56

I have .txt and .java files and I don't know how to determine the encoding table of the files (Unicode, UTF-8, ISO-8525, …). Does there exist any program to determine the file encoding or to see the encoding?

erik
  • 2,278
  • 1
  • 23
  • 30
Ballon
  • 6,882
  • 18
  • 49
  • 63
  • possible duplicate of [How to reliably guess the encoding between MacRoman, CP1252, Latin1, UTF-8, and ASCII](http://stackoverflow.com/questions/4198804/how-to-reliably-guess-the-encoding-between-macroman-cp1252-latin1-utf-8-and-a) – tchrist Nov 23 '10 at 11:19

7 Answers7

62

If you're on Linux, try file -i filename.txt.

$ file -i vol34.tex 
vol34.tex: text/x-tex; charset=us-ascii

For reference, here is my environment:

$ which file
/usr/bin/file
$ file --version
file-5.09
magic file from /etc/magic:/usr/share/misc/magic

Some file versions (e.g. file-5.04 on OS X/macOS) have slightly different command-line switches:

$ file -I vol34.tex 
vol34.tex: text/x-tex; charset=us-ascii
$ file --mime vol34.tex
vol34.tex: text/x-tex; charset=us-ascii

Also, have a look here.

bneely
  • 9,083
  • 4
  • 38
  • 46
mpenkov
  • 21,621
  • 10
  • 84
  • 126
31

Open the file with Notepad++ and will see on the right down corner the encoding table name. And in the menu encoding you can change the encoding table and save the file.

Ballon
  • 6,882
  • 18
  • 49
  • 63
13

You can't reliably detect the encoding from a textfile - what you can do is make an educated guess by searching for a non-ascii char and trying to determine if it is a unicode combination that makes sens in the languages you are parsing.

Nikolaus Gradwohl
  • 19,708
  • 3
  • 45
  • 61
4

See this question and the selected answer. There’s no sure-fire way of doing it. At most, you can rule things out. The UTF encodings you’re unlikely to get false positives on, but the 8-bit encodings are tough, especially if you don’t know the starting language. No tool out there currently handles all the common 8-bit encodings from Macs, Windows, Unix, but the selected answer provides an algorithmic approach that should work adequately for a certain subset of encodings.

Community
  • 1
  • 1
tchrist
  • 78,834
  • 30
  • 123
  • 180
1

In a text file there is no header that saves the encoding or so. You can try the linux/unix command find which tries to guess the encoding:

file -i unreadablefile.txt

or on some systems

file -I unreadablefile.txt

But that often gives you text/plain; charset=iso-8859-1 although the file is unreadable (cryptic glyphs).

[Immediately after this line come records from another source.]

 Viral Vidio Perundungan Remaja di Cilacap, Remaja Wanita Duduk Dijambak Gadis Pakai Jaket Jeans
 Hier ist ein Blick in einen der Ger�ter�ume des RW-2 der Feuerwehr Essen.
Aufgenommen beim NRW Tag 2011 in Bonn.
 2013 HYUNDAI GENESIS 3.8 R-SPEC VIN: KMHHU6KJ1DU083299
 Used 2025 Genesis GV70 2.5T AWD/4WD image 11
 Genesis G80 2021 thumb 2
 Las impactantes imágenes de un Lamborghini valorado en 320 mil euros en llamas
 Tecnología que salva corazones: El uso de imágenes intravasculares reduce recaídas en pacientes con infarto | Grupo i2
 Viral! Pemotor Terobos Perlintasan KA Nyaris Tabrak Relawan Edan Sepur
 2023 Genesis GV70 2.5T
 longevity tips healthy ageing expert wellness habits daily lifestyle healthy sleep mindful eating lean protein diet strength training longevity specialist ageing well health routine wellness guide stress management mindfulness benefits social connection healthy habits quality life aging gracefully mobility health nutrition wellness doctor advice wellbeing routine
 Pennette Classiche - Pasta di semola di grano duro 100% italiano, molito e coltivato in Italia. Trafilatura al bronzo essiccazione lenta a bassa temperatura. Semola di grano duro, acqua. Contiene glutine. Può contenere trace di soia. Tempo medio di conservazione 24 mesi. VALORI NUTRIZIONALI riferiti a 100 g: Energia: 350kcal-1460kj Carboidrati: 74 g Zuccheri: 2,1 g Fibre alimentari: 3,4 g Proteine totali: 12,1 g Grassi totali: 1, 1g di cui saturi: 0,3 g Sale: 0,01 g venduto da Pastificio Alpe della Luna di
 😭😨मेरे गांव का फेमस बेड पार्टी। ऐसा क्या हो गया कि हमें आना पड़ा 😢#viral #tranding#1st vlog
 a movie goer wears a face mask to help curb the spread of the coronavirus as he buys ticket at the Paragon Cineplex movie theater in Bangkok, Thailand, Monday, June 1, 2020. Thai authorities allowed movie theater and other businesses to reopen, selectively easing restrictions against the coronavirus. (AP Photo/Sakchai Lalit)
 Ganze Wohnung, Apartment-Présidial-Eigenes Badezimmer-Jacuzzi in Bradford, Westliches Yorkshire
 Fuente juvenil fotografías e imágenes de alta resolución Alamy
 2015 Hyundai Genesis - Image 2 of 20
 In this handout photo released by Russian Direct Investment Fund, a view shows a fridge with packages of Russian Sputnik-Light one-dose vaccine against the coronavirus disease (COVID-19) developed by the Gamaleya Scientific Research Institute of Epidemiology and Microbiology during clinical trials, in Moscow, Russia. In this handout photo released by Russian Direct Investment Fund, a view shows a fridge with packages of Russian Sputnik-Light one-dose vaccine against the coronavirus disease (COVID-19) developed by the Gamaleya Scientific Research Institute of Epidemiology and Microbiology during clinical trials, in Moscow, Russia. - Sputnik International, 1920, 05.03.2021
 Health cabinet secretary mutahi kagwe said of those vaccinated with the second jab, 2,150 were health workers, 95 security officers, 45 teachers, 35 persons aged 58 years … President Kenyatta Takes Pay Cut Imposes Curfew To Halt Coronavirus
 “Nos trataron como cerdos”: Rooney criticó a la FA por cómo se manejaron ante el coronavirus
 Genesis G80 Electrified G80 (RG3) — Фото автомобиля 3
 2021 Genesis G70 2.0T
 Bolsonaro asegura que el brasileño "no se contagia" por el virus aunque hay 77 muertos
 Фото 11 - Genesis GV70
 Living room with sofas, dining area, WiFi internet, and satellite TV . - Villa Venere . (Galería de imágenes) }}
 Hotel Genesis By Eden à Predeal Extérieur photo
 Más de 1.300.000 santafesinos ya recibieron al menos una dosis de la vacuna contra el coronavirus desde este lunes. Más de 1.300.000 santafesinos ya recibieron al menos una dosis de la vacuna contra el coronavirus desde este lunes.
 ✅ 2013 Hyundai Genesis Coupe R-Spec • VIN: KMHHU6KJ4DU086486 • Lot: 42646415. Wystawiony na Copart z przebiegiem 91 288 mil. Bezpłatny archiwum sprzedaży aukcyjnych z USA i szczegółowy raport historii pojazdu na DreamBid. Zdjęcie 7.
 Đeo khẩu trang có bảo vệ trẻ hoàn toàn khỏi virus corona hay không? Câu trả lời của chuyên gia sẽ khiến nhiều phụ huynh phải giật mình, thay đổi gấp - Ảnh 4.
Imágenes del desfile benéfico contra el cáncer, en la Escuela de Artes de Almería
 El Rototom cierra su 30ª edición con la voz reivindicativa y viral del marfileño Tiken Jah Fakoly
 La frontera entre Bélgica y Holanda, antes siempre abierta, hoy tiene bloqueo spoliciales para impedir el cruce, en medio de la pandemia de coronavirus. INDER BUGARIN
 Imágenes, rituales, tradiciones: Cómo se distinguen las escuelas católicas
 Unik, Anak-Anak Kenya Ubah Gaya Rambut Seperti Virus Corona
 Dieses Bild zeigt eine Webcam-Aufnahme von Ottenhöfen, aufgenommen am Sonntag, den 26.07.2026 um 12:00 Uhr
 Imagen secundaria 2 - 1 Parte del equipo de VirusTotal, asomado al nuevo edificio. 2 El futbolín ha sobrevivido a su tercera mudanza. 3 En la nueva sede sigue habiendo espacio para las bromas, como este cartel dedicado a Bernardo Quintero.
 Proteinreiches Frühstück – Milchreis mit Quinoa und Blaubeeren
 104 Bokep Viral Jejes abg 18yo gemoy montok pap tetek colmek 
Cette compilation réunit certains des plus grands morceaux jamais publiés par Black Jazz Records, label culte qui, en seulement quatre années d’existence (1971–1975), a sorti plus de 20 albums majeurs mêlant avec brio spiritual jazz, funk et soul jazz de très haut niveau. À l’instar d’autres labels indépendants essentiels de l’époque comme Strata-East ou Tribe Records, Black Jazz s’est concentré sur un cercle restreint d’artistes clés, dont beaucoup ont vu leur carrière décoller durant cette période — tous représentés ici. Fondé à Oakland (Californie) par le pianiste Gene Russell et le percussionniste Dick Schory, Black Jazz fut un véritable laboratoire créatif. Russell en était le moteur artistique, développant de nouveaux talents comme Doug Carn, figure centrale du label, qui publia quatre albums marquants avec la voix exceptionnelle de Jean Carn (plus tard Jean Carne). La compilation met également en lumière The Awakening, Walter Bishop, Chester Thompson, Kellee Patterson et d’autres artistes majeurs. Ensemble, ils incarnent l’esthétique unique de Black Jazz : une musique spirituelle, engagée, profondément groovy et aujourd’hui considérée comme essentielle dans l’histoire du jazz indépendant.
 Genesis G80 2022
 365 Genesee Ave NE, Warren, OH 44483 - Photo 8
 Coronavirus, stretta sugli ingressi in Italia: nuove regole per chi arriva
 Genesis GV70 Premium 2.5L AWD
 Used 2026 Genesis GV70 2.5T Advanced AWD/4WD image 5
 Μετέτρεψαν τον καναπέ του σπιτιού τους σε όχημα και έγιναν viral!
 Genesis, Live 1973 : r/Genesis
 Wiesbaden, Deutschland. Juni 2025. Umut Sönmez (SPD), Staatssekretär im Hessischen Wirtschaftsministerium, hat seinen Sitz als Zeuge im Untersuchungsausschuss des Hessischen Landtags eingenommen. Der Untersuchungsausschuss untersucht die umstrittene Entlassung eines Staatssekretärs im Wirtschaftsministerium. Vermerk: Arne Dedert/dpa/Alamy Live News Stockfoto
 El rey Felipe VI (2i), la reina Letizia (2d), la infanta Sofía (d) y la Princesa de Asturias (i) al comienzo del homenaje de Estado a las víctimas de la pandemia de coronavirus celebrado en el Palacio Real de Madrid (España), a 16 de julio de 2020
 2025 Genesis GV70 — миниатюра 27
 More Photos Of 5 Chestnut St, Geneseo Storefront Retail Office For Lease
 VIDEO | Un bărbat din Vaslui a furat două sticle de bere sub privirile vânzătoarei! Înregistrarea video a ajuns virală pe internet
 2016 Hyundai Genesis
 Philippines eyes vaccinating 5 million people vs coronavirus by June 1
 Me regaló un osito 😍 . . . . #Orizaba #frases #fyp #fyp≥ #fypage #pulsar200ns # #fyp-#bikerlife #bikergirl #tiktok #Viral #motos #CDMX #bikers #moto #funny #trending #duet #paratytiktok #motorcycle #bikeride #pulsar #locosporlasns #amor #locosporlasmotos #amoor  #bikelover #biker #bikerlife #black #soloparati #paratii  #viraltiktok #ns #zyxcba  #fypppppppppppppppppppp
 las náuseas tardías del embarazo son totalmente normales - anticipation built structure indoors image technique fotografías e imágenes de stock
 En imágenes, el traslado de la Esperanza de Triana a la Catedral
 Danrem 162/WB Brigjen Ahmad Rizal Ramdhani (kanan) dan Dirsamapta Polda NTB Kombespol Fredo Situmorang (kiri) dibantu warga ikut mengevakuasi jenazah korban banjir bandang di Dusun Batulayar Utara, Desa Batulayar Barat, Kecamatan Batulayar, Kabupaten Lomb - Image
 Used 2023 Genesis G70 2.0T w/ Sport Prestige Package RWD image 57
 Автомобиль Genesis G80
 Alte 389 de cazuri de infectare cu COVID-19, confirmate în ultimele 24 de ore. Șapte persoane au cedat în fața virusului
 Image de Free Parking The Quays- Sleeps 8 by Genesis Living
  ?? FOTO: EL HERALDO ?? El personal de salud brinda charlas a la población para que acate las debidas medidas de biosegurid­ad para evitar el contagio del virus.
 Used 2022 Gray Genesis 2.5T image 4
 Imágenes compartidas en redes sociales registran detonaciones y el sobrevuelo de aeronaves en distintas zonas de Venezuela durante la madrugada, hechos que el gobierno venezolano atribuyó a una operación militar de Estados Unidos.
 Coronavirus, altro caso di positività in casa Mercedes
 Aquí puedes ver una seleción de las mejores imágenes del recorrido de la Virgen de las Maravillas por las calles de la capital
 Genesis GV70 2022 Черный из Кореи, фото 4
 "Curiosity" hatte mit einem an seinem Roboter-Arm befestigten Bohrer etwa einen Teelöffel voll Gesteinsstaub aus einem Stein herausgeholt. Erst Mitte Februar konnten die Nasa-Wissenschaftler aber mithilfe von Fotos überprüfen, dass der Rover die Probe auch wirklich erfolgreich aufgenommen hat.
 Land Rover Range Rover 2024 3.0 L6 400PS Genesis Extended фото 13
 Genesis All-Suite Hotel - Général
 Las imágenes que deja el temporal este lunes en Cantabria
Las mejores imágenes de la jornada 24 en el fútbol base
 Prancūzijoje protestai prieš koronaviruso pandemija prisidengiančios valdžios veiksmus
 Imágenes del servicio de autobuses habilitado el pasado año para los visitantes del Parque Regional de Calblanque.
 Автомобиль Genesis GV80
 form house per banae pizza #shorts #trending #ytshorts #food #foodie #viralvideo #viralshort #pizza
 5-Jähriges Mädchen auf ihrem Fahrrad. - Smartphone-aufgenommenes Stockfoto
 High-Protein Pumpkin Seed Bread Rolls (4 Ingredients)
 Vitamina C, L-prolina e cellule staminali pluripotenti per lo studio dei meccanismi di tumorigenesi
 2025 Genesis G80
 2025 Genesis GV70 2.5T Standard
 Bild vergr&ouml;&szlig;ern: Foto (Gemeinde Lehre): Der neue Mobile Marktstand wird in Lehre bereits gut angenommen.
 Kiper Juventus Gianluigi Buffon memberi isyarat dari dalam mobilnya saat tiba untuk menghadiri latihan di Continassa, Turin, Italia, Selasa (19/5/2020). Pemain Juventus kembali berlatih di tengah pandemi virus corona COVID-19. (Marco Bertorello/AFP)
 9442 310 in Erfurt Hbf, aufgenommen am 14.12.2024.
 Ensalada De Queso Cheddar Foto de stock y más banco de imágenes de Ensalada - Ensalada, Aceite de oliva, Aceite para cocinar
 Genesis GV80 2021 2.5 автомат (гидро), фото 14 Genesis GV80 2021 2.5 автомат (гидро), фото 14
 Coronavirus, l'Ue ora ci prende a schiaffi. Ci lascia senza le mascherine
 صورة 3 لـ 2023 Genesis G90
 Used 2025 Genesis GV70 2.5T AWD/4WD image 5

This is what I did to find the correct file encoding for an unreadable file and then translate it to utf8 was, after installing iconv. First I tried all encodings, displaying (grep) a line that contained the word www. (a website address):

for ENCODING in $(iconv -l); do echo -n "$ENCODING "; iconv -f $ENCODING -t utf-8 unreadablefile.txt 2>/dev/null| grep 'www'; done | less

This last commandline shows the the tested file encoding and then the translated/transcoded line.

There were some lines which showed readable and consistent (one language at a time) results. I tried manually some of them, for example:

ENCODING=WINDOWS-936; iconv -f $ENCODING -t utf-8 unreadablefile.txt -o test_with_${ENCODING}.txt

In my case it was a chinese windows encoding, which is now readable (if you know chinese).

erik
  • 2,278
  • 1
  • 23
  • 30
0

Does there exist any program to determine the file encoding or to see the encoding?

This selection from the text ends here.